By Dr. Pellumb Kabashi, DBA, MBA, CES, CFE, EA
Founder, Tax Expert Today LLC · Tax advisors, enrolled agents, CPAs, and attorneys · Serving clients in all 50 states

Quick Answer: A state residency audit is a review by your former state to decide whether you genuinely changed your domicile to Florida or stayed a taxable resident of the state you left. High-tax states such as New York and California examine departing residents closely because Florida imposes no state income tax. Two questions decide the outcome, whether you changed your domicile and whether you are still a statutory resident, and both turn on documentary proof of where your life is actually centered. A move documented in advance is far easier to defend than one reconstructed after a notice arrives.

Published: June 2026

Watch: Residency Audit: Defending Your Move to Florida 2026 (Tax Expert Today)

Moving to Florida removes the state income tax bill, but it does not end your old state’s interest in you. When a high earner leaves New York, California, New Jersey, Illinois, or another high-tax state for Naples or anywhere in Florida, the departing state often reviews the move to confirm the change was real rather than a mailing address on paper. That review is a residency audit, and it tends to focus on the year of a large one-time event such as a business sale, a stock award that vests, or a retirement payout. This guide explains how a Florida residency audit works, the two tests that decide it, what auditors actually examine, and how to establish Florida domicile in a way that holds up if your former state asks questions.

What Is a State Residency Audit?

A state residency audit is an examination by your former state’s tax authority to determine whether you remained a taxable resident there after claiming a move to Florida. The state requests records covering where you lived, worked, and spent your days, then weighs them against its own residency tests. If the state concludes you never truly left, it can assess income tax, interest, and penalties on income you reported only to Florida, which collects none.

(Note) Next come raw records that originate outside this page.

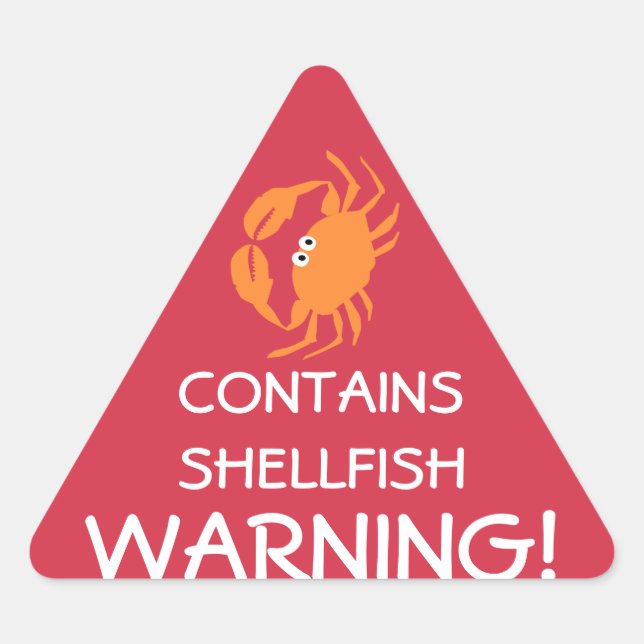 Contains Shellfish Allergy Alert Red Triangle Sticker (Front)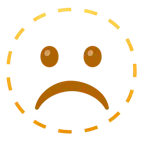 dotted line face + frowning face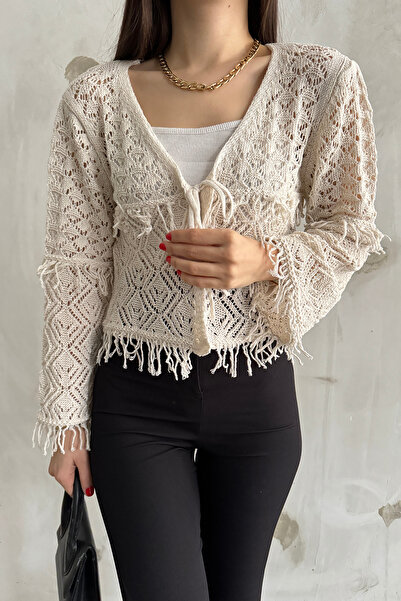 LE CARAMBOLE Women's Cream Tassel Detailed Seasonal Knitwear Cardigan 2444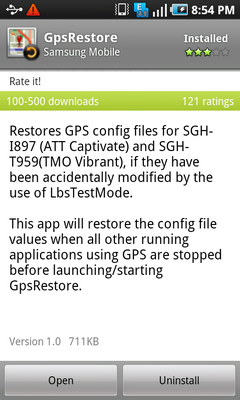 Samsung GPS Restore Android App Market Info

These audits are document driven rather than opinion driven. The auditor is not asking whether you like Florida. The auditor is reconciling cell phone records, credit card statements, travel records, and property use against the day counts and connection factors the state’s law sets out. That is why preparation before the move matters far more than argument after the notice.

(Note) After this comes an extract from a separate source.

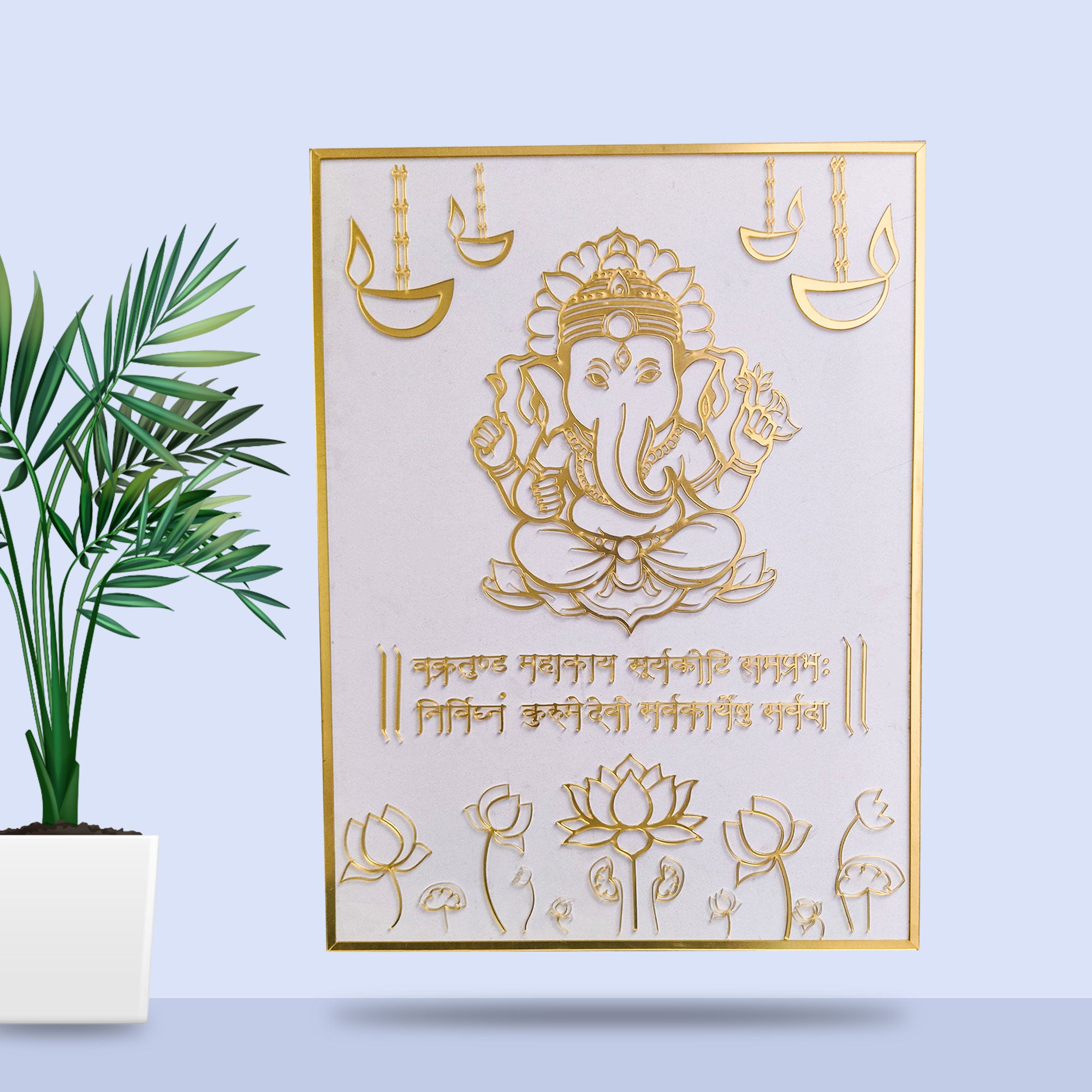 Acrylic ghanesha mantra with flowers - rectangle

Why Do States Audit People Who Move to Florida?

States audit Florida moves because Florida has no state income tax, so every confirmed departure is revenue the former state loses permanently. New York, California, and similar states fund a large share of their budgets from a small number of high earners, which gives them a strong incentive to verify that a high-income departure is genuine. The audit risk rises sharply in any year with a large, mobile item of income.

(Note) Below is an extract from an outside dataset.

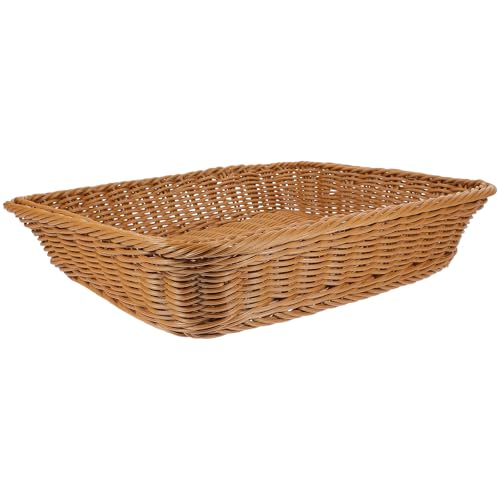 Besportble Cesta Tejida De Ratán De Imitación Para Pan Y Frutas, Organizador De Alimentos En Color Café, Tamaño 40x30x8 Cm, Cesta Reutilizable Para Hogar, Panadería Y Tienda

Certain events reliably draw attention. Selling a business or a large block of stock, exercising options, receiving deferred compensation, or taking a substantial retirement distribution in the same year you claim a new domicile creates a visible mismatch the state can flag. A part-year return, a recently sold former home, or keeping a home and strong ties in the old state can all trigger a closer look. None of these facts is fatal on its own, but together they signal that the file is worth opening.

Domicile vs statutory residency: domicile is your one true home decided by intent, statutory residency is a 183-day count with a home kept in the old state

What Is the Difference Between Domicile and Statutory Residency?

Domicile is the one place you treat as your true, fixed, permanent home and intend to return to, while statutory residency is a separate day-count rule that can tax you as a resident even if your domicile is elsewhere. Most high-tax states apply both tests, so you can win the domicile question and still be taxed as a resident if you spend too many days in the old state. Defending a move means satisfying both.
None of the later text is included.